### Problem requirements:
Using the data below, transcribe exactly everything from the line that contains "Sandalia blanca de" down to the line that contains "Fuel pressure sensor". Include both of those lines and none of the pictures.

### Available records:
-- Opening Marker --

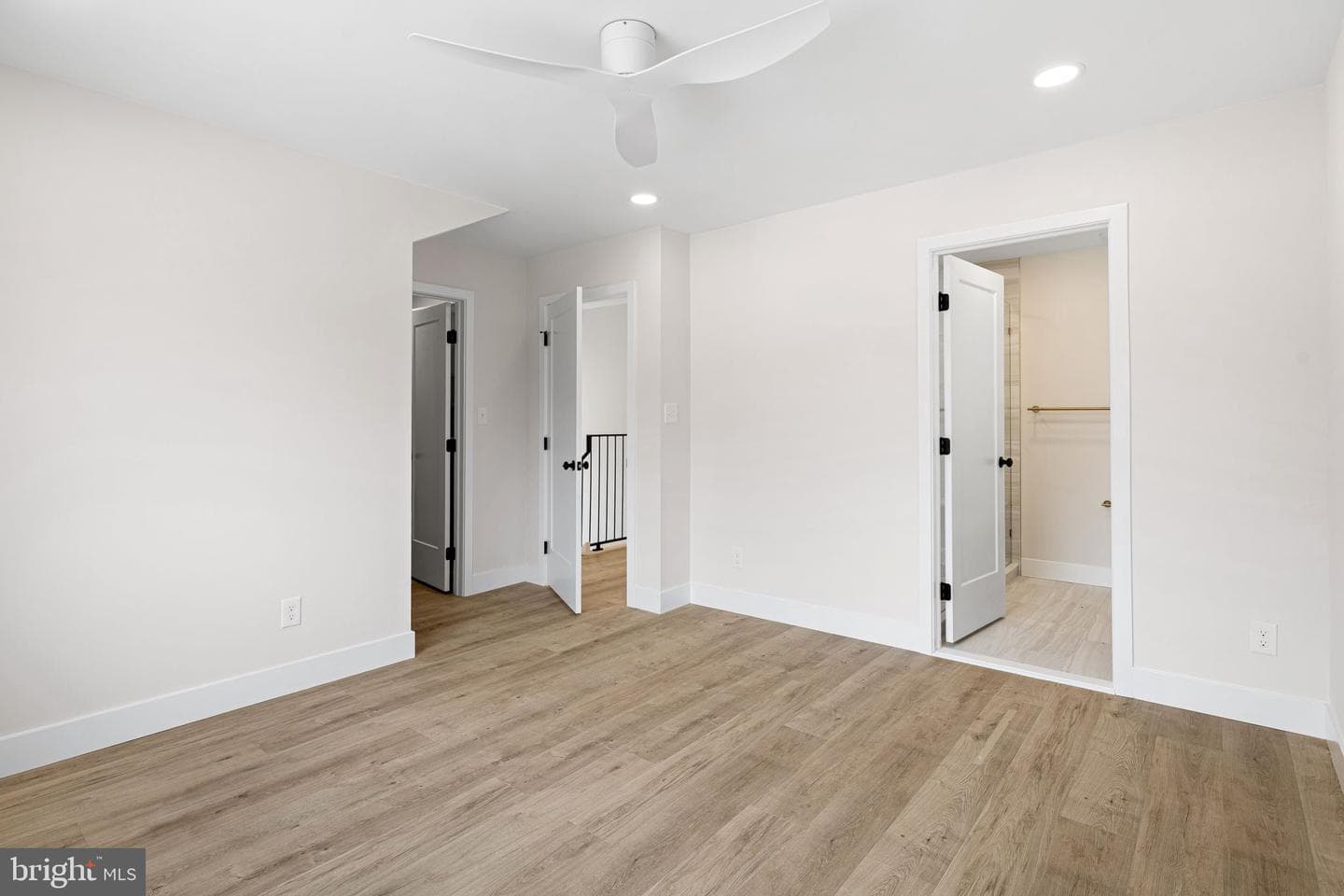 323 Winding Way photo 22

-- Closing Marker --
-- Opening Marker --

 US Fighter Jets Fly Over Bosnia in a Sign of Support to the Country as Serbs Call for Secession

-- Closing Marker --
-- Opening Marker --

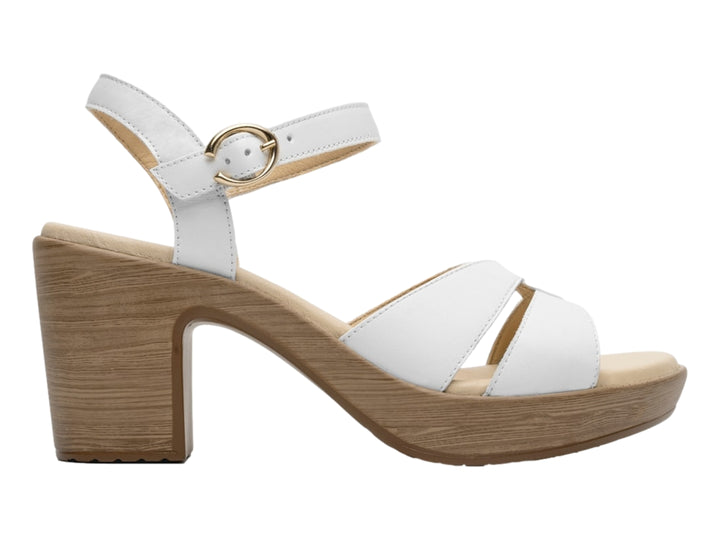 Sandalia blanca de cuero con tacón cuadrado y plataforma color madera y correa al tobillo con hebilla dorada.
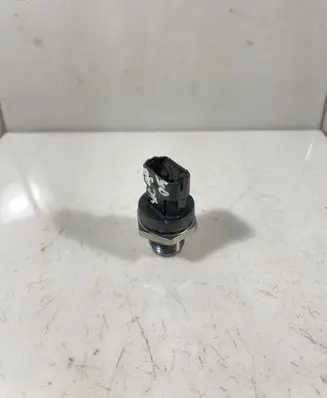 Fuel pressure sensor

-- Closing Marker --

### Solution to the problem:
 Sandalia blanca de cuero con tacón cuadrado y plataforma color madera y correa al tobillo con hebilla dorada.
 Fuel pressure sensor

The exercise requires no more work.